The price of recovery

01 Aug 09

DR can cost more than it is really worth.

New Zealand businesses are increasingly interested in exploring disaster recovery (DR) policies and procedures. This new interest is driven by a variety of factors, such as  the recentralisation of IT infrastructure, increased real estate costs, and server virtualisation.

As communications infrastructure improves and becomes cheaper, organisations are now able to recentralise a lot of their IT infrastructure. For example, instead  of having email servers at each branch office, many companies are now bringing their email server infrastructure into one or two main data centres.

Data centres that have been installed in offices within the central business district are now being moved or redeployed to cheaper real estate on the outskirts of cities.

But the trouble with the centralisation of IT infrastructure and sharing of resources is that there are a lot more “eggs to the basket”. When you couple this with cheaper communications costs and a push for data centre redesign, many organisations (which may have never previously had a DR plan for a very small part of their infrastructure) are now investigating more comprehensive DR options.

The problem many organisations face when they look into DR is that the traditional costs are still prohibitively high. These costs are driven by factors such as duplicated servers, storage, networks and workstations sitting at the DR sites “doing nothing but eating power”.

Costs are also driven up by high-speed network connections for data replication, which cannot be used for anything else, storage vendors that charge a high cost for data replication on a cost per TB basis, and power rack space and cooling costs that previously may have been absorbed by other parts of the business.

All of this just for DR, which like most other forms of insurance, adds no immediate value to the business. These costs become especially difficult to justify when the main thing they protect against is unlikely calamities such as random meteorite strikes or man-made disasters.

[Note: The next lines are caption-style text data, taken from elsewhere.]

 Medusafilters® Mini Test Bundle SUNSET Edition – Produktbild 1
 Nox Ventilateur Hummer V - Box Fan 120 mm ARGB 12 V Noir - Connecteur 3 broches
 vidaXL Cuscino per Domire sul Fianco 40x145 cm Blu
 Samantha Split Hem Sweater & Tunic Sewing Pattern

While outages caused by “acts of God”, terrorist attacks and utility failures garner significant press coverage, the more mundane “day to day” causes of data loss go unreported and generally unnoticed. Furthermore, a quick Google search on the term causes of data loss turns up far more results on what could be more accurately described as illegal data access, driven by legislation in the US that mandates public reporting of this class of failure in information security. As NetApp founder, Dave Hitz states in his blog, this kind of reporting “baffles our risk intuition and results in significant amounts of resources being dedicated to solve problems that may never occur”.

As a case in point, a recent survey of over 260 IT professionals found that internal infrastructure issues were the main cause of unexpected downtime, with database problems and other software issues making up a significant proportion of the remaining failures. An interesting feature of this report is that most business continuity plans still pay little attention to these common failures. Instead, companies focused their investments on mitigating problems that come from the outside, even while very few companies in the survey reported these kinds of external events ever contributing to downtime.

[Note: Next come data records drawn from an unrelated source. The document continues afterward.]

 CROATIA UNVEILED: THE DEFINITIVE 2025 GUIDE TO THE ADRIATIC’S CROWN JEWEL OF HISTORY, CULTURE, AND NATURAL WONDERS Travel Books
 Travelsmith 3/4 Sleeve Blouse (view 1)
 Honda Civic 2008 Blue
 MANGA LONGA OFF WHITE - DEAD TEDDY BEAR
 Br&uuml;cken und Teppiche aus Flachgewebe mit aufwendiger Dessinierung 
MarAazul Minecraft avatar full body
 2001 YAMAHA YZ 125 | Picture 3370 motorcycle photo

Disaster recovery plans tend to do little to protect the business against the main causes of data loss, such as administrator errors, and companies are still stuck with having to go back to their tape backup infrastructure to recover from the majority of problems.

NetApp believes that disaster recovery should provide ongoing business value, as well as secure against the worst-case scenarios. There are several technologies that can do this, such as MetroCluster, which allows the main site and the DR site to be production sites; Flexcone, which allows multiple virtual copies of the data to be presented at the DR site, where all the other equipment can be used to accelerate software development and increase business agility; and Production Manager, which automates the DR process, making it easy to use, deploy and test.

In this way, disaster recovery infrastructure is transformed from an insurance policy to something that can help drive business innovation.